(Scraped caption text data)
=======

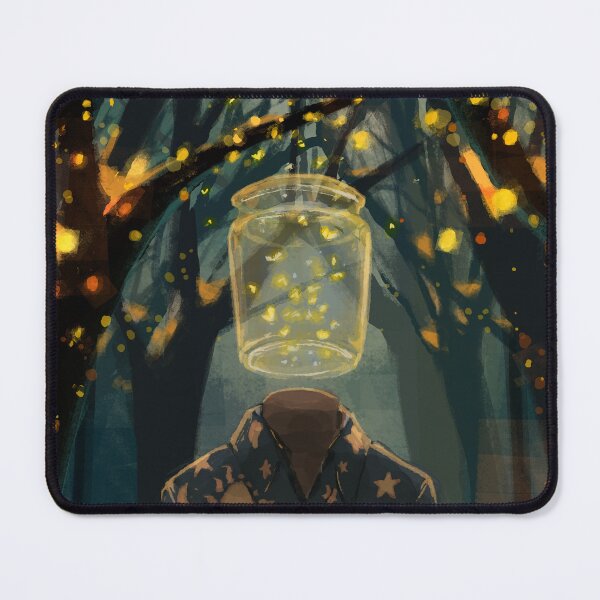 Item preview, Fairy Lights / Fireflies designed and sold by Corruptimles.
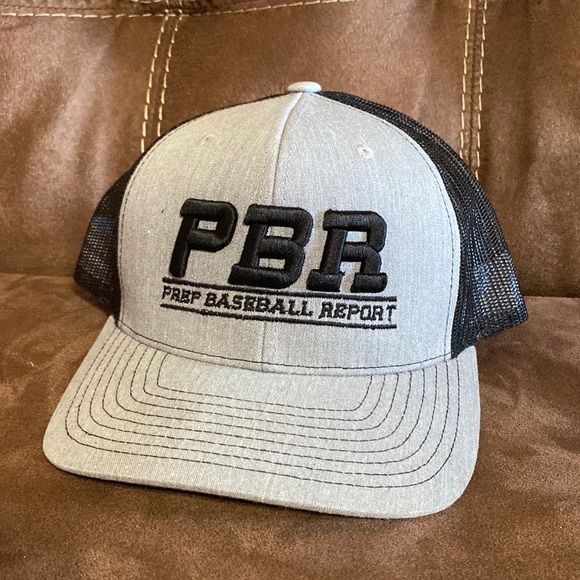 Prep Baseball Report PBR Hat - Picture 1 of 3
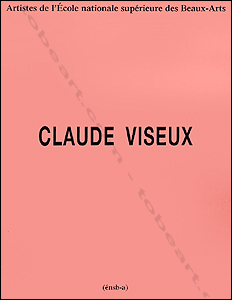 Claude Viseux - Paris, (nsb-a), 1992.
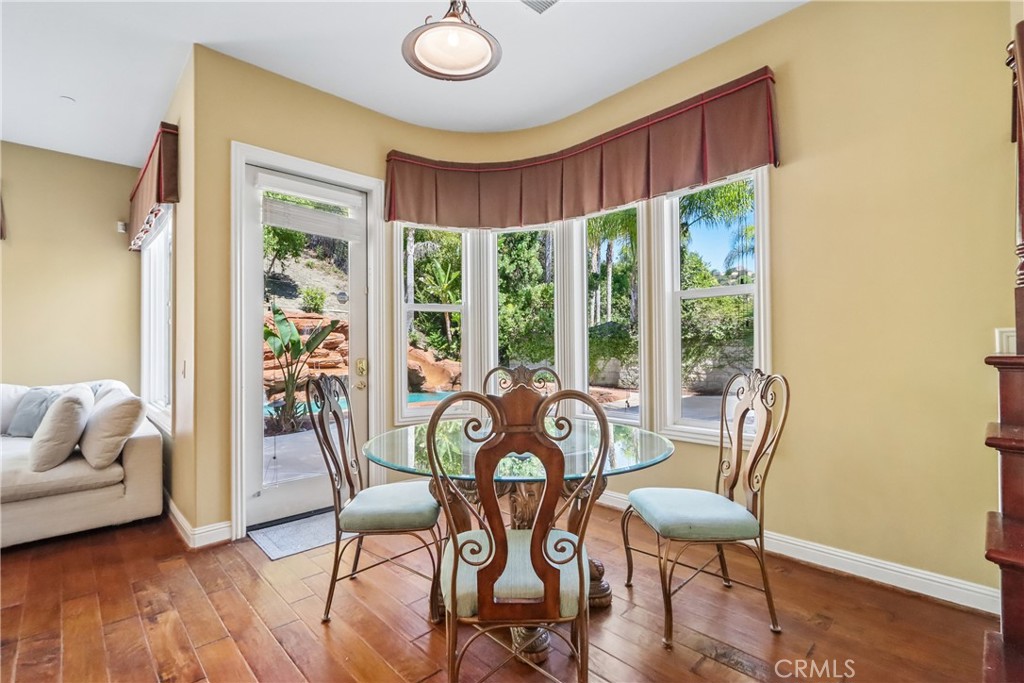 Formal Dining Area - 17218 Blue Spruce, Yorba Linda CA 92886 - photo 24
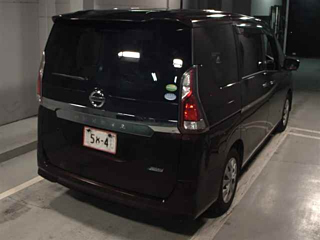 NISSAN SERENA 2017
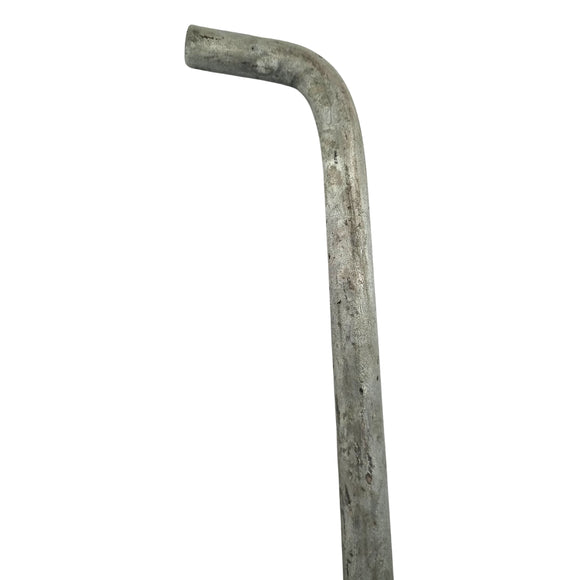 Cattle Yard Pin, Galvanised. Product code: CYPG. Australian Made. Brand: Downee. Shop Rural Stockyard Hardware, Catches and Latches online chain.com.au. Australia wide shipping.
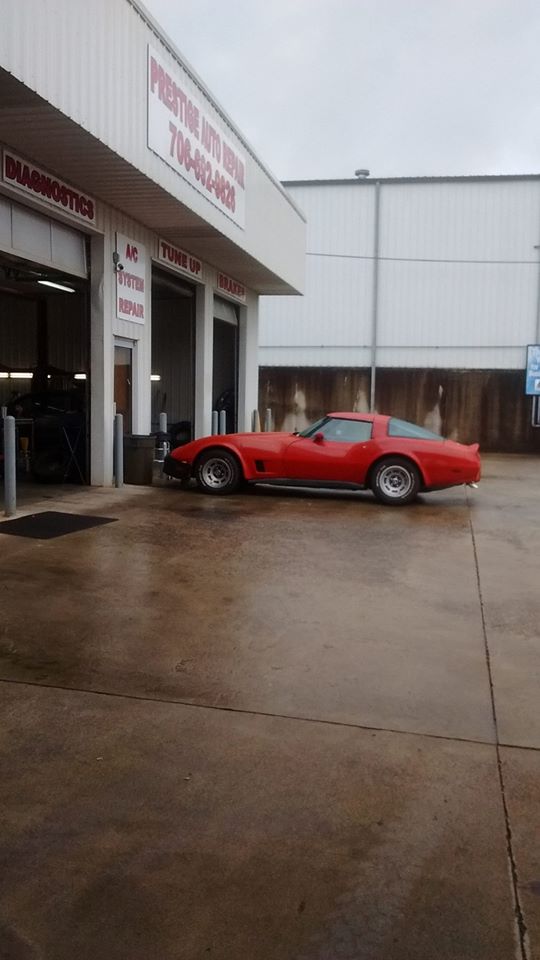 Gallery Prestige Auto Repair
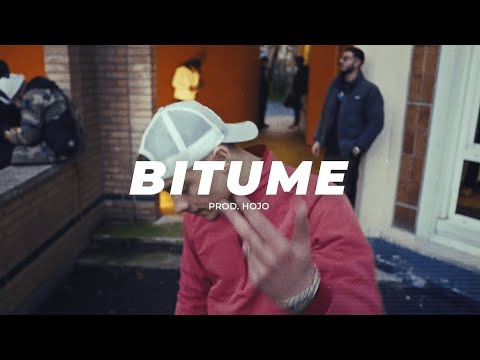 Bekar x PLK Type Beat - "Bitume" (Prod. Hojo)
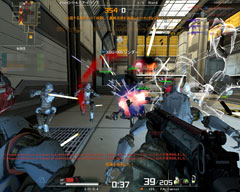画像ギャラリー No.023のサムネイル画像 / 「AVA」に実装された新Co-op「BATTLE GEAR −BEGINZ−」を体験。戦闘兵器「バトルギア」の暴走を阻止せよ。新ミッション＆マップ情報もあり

=======

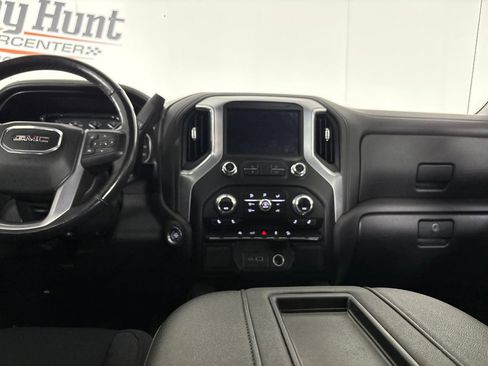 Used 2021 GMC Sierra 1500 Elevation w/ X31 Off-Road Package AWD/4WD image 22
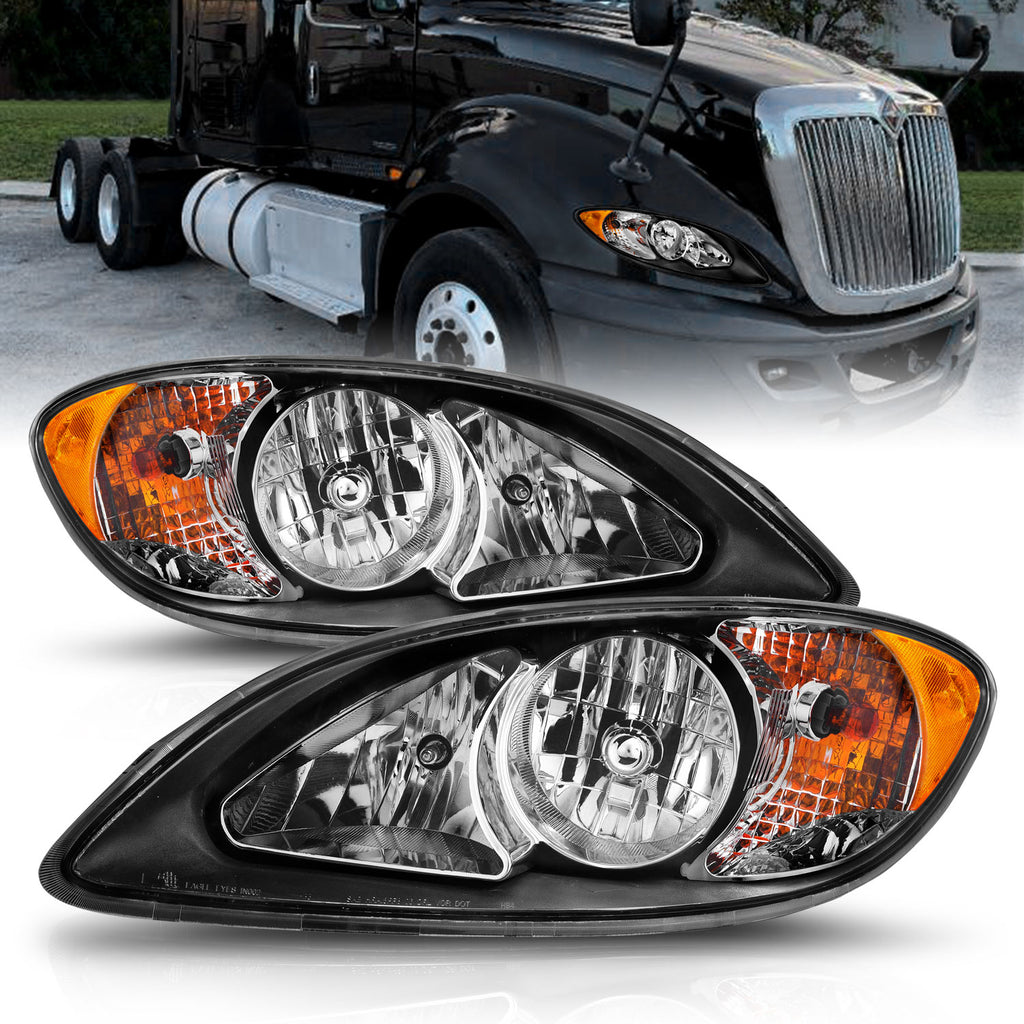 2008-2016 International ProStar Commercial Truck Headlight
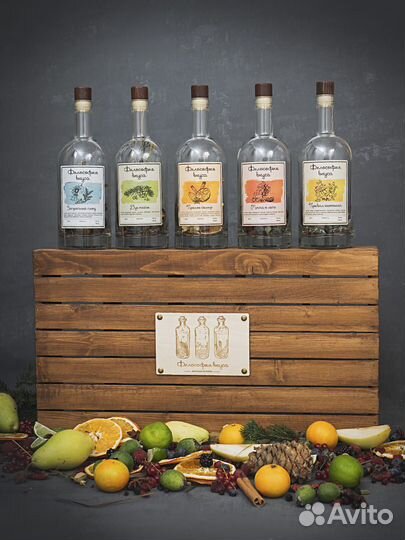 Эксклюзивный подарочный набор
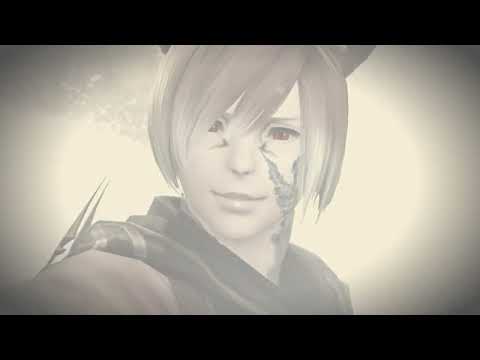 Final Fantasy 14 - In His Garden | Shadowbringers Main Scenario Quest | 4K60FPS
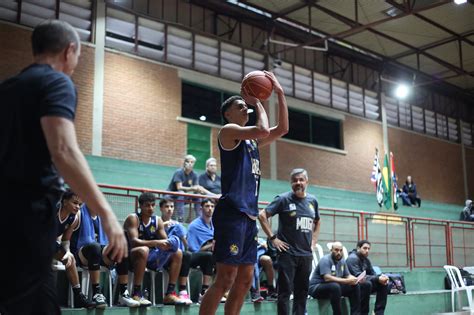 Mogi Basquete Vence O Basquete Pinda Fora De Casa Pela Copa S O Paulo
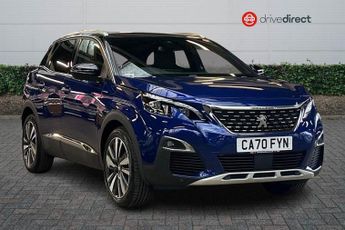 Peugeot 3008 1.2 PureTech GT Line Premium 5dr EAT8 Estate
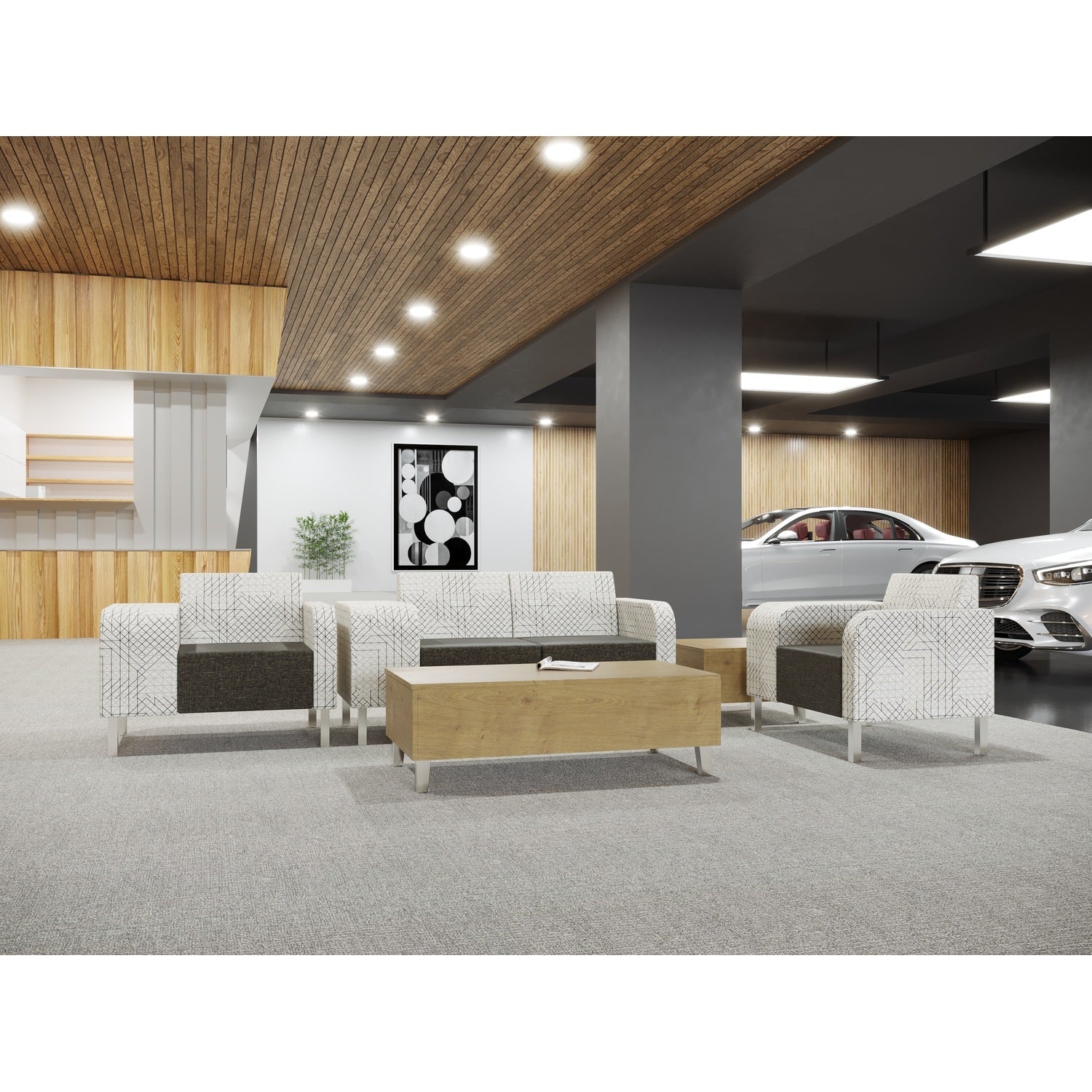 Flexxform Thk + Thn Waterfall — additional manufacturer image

=======

Output exactly, and only, the lines of the entries above from the one with "Mogi Basquete Vence" up to and including the one with "Flexxform Thk +"; pictures are to be left out.

RESULT OF THE TASK
 Mogi Basquete Vence O Basquete Pinda Fora De Casa Pela Copa S O Paulo
 Peugeot 3008 1.2 PureTech GT Line Premium 5dr EAT8 Estate
 Flexxform Thk + Thn Waterfall — additional manufacturer image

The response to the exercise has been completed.